The jailer is flabbergasted by this turn of events. The earthquake may have shaken the jail, but Paul and Silas’ compassion has shaken him. He is trembling, the text says, as he asks the apostles, “What must I do to be saved?” While this question, and Paul’s response, have been at the center of Christian theological discussions about salvation for centuries upon centuries, in the flow of the narrative, the jailer’s question is more immediate—what can I do to get out of this alive?

“Believe on the Lord Jesus, and you and your household will be saved.” “Saved”? Really? It seems to me belief in God’s saving work is what brings the danger to followers of Jesus in the book of Acts. And yet, for all of its dangers, the story of Paul and Silas shows us how life as a follower of Jesus is full of freedom and hope, unlike the life the world offers. We see this transformation in the jailer, who seeks to be saved from a world where his worth is defined by his job, where his value is determined by his utility for the empire, where the norm is to chase after money and power with little regard for human life. The jailer sees that Paul and Silas’ faith has brought them imprisonment and violence, but it has also released them from a cruel calculus that defines their value by what they can accomplish. In their great risk is also great promise.

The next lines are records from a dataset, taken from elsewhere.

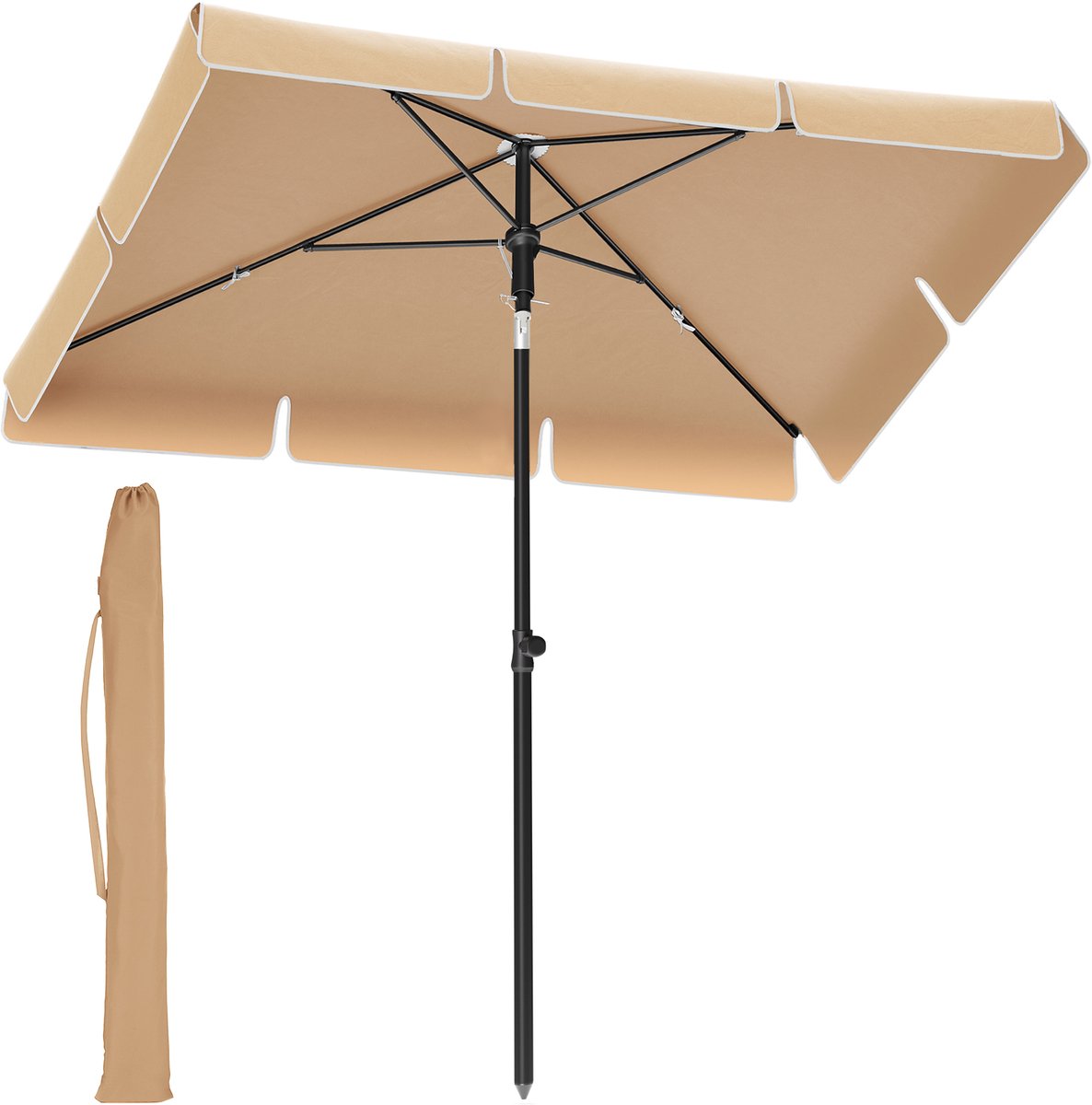 SONGMICS - Parasol - Rechthoekige Tuinparasol van Polyester - Met Draagtas - Voor Tuin Balkon Terras
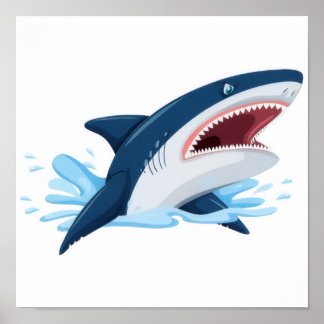Poster requin de dessin animé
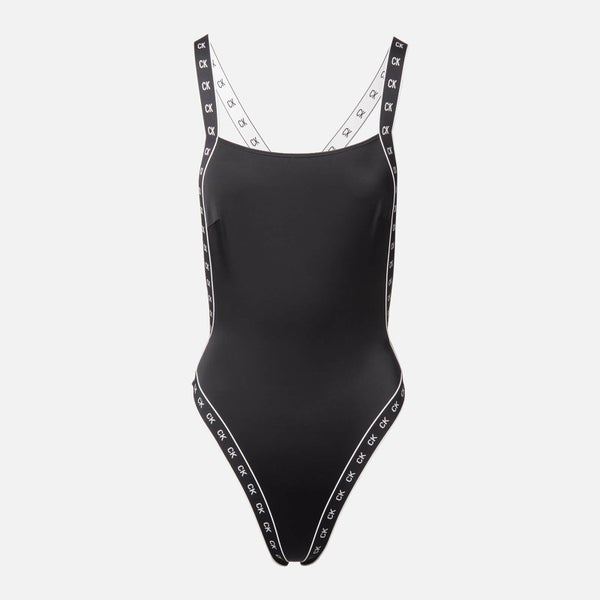Calvin Klein Women's High Leg One Piece Swimsuit PVH Black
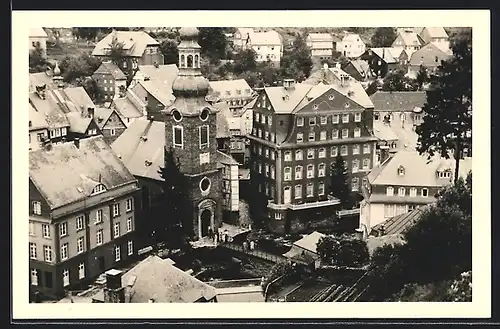 AK Monschau, Ortspartie mit Kirche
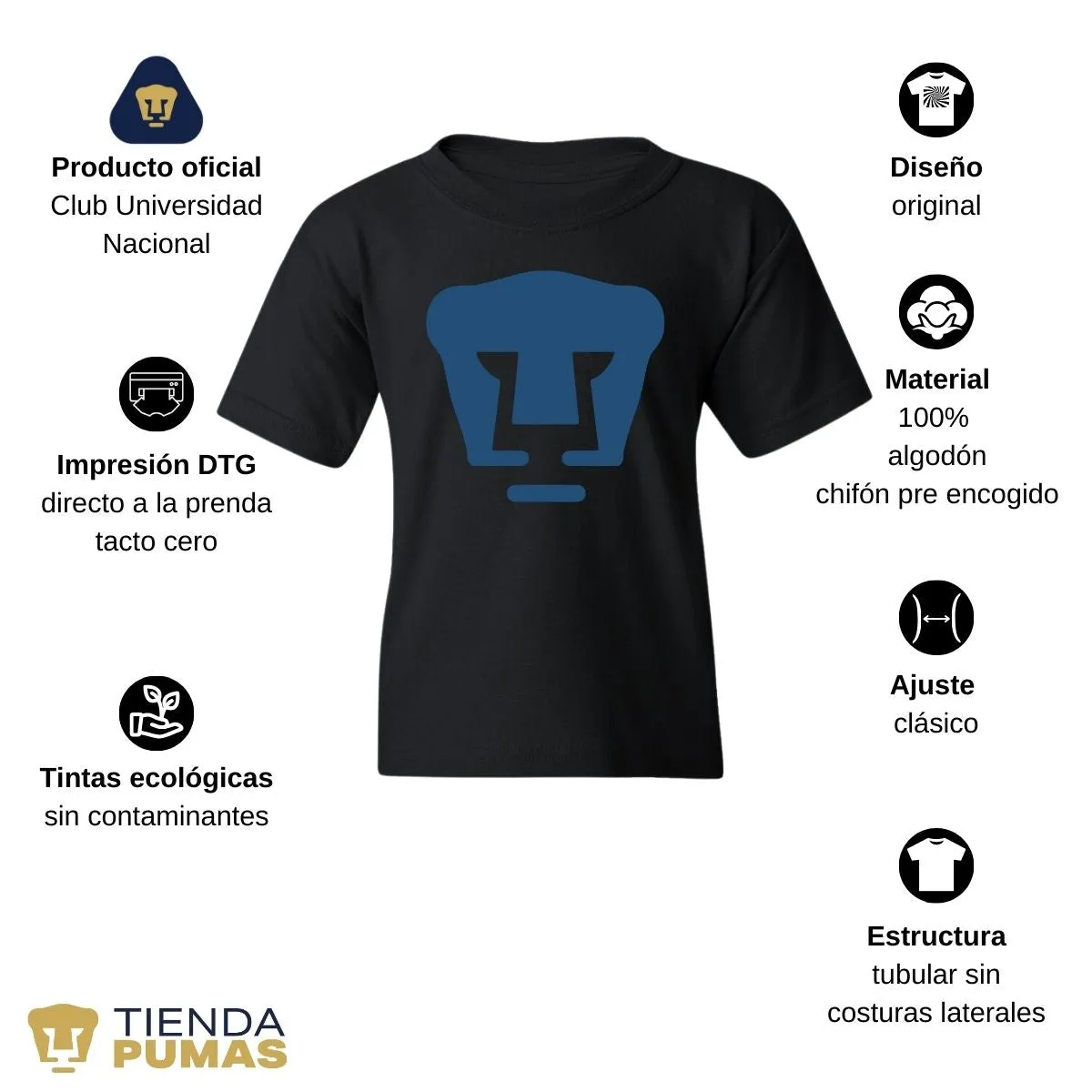 Playera Nios Pumas UNAM Logo Azul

What holds for the jailer and the apostles and the people in the pews also holds for you, Working Preacher. The life of a pastor is a called one, to be sure, but it is not the source of your worth in the world. Neither are your membership statistics or your stewardship totals or the views of your streaming worship service. You are beloved. Show the world what it means to live a life of promise, a life where “we are all here.”2

Cameron


Notes

  1. Will Willimon, Acts (Interpretation; Atlanta: John Knox, 1988), 139.
  2. This essay is adapted from a sermon the author delivered at Lutheran Church of the Good Shepherd, Minneapolis, on May 8, 2022.